Dataset extract Start Marker

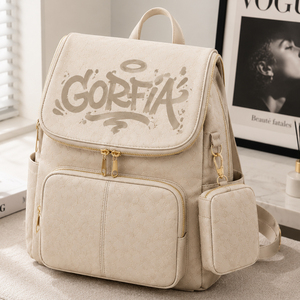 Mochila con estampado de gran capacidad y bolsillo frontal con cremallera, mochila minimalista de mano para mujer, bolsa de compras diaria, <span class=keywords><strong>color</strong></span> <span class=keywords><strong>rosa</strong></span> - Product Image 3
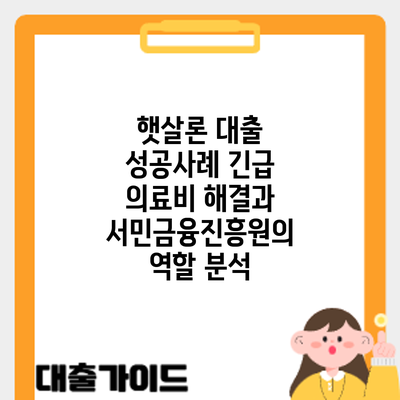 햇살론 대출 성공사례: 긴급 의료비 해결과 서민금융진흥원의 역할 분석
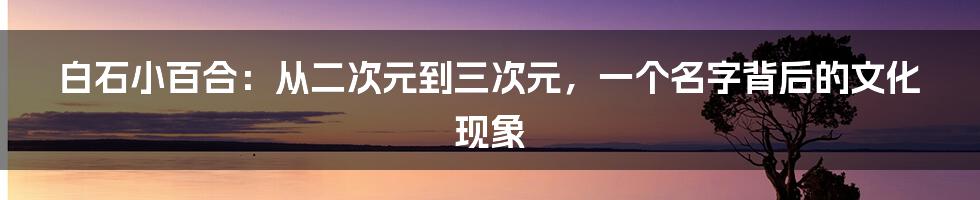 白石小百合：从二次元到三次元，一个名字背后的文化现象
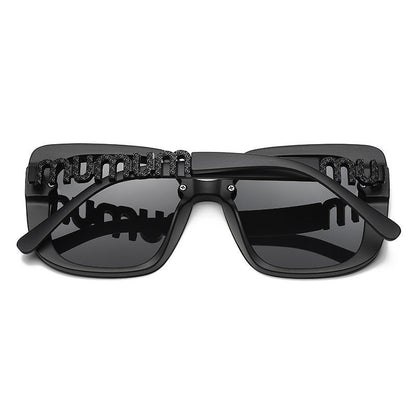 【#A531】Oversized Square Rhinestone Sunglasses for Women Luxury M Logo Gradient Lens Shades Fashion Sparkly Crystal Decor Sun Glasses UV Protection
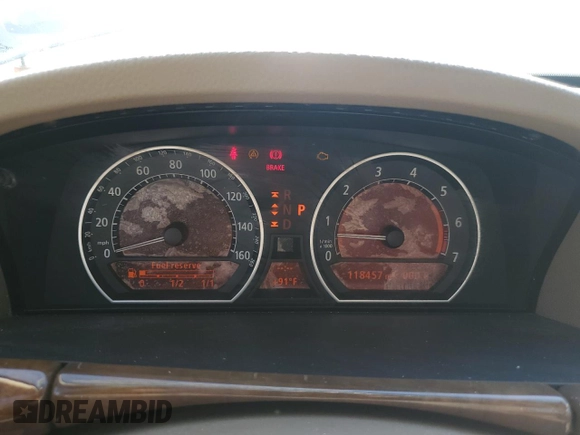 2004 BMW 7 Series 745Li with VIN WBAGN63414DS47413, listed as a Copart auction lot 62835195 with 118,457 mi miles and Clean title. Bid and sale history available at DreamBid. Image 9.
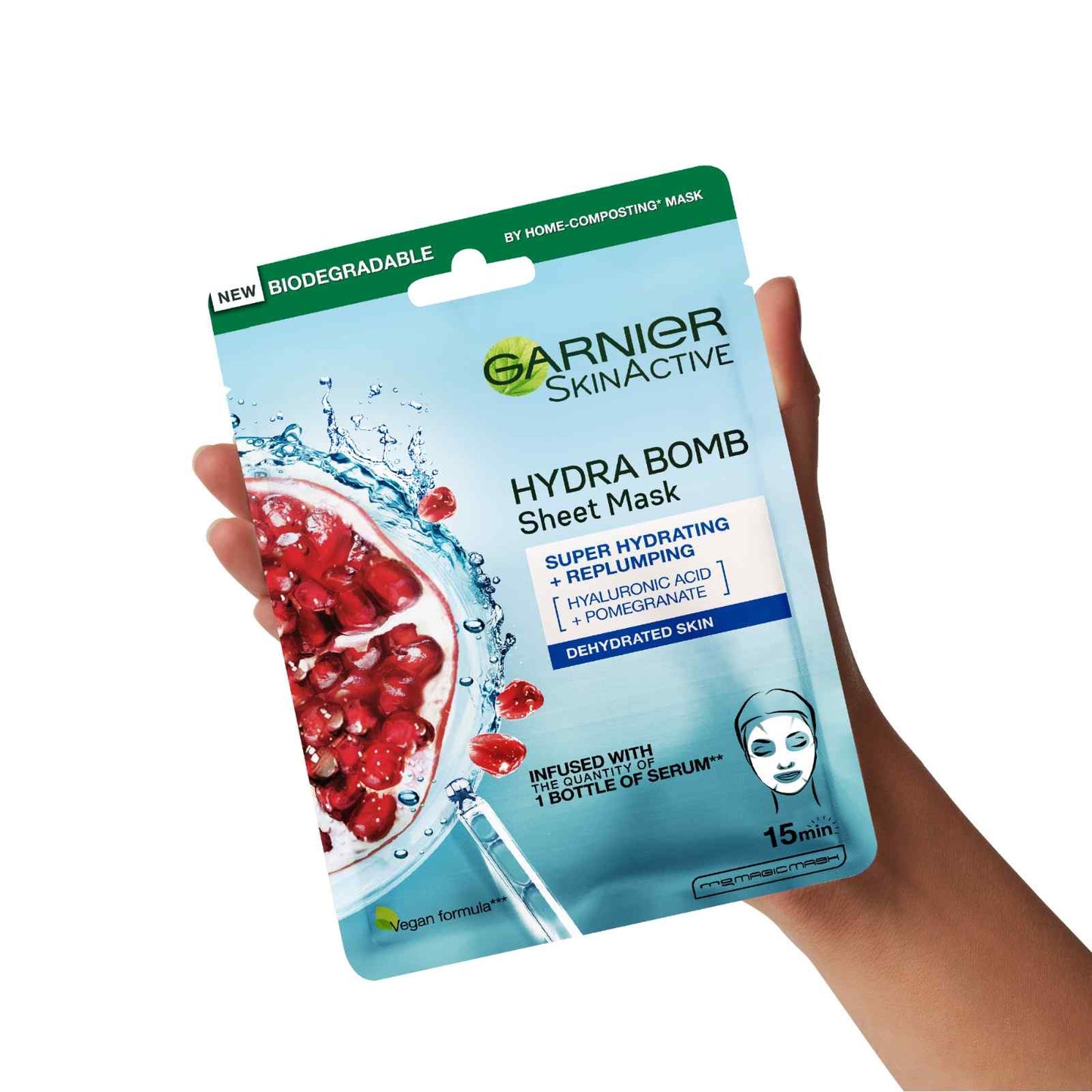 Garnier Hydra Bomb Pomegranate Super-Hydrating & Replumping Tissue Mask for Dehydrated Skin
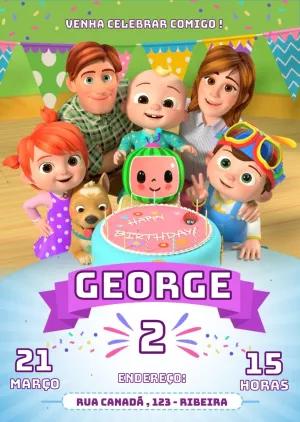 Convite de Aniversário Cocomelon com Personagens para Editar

Dataset extract End Marker

(Task requirements) Write out nothing but the lines from the one with "Glasses UV Protection" through the last line of the entries, exactly as they stand; pictures are not part of the copy.

(Solution to this exercise)
 【#A531】Oversized Square Rhinestone Sunglasses for Women Luxury M Logo Gradient Lens Shades Fashion Sparkly Crystal Decor Sun Glasses UV Protection
 2004 BMW 7 Series 745Li with VIN WBAGN63414DS47413, listed as a Copart auction lot 62835195 with 118,457 mi miles and Clean title. Bid and sale history available at DreamBid. Image 9.
 Garnier Hydra Bomb Pomegranate Super-Hydrating & Replumping Tissue Mask for Dehydrated Skin
 Convite de Aniversário Cocomelon com Personagens para Editar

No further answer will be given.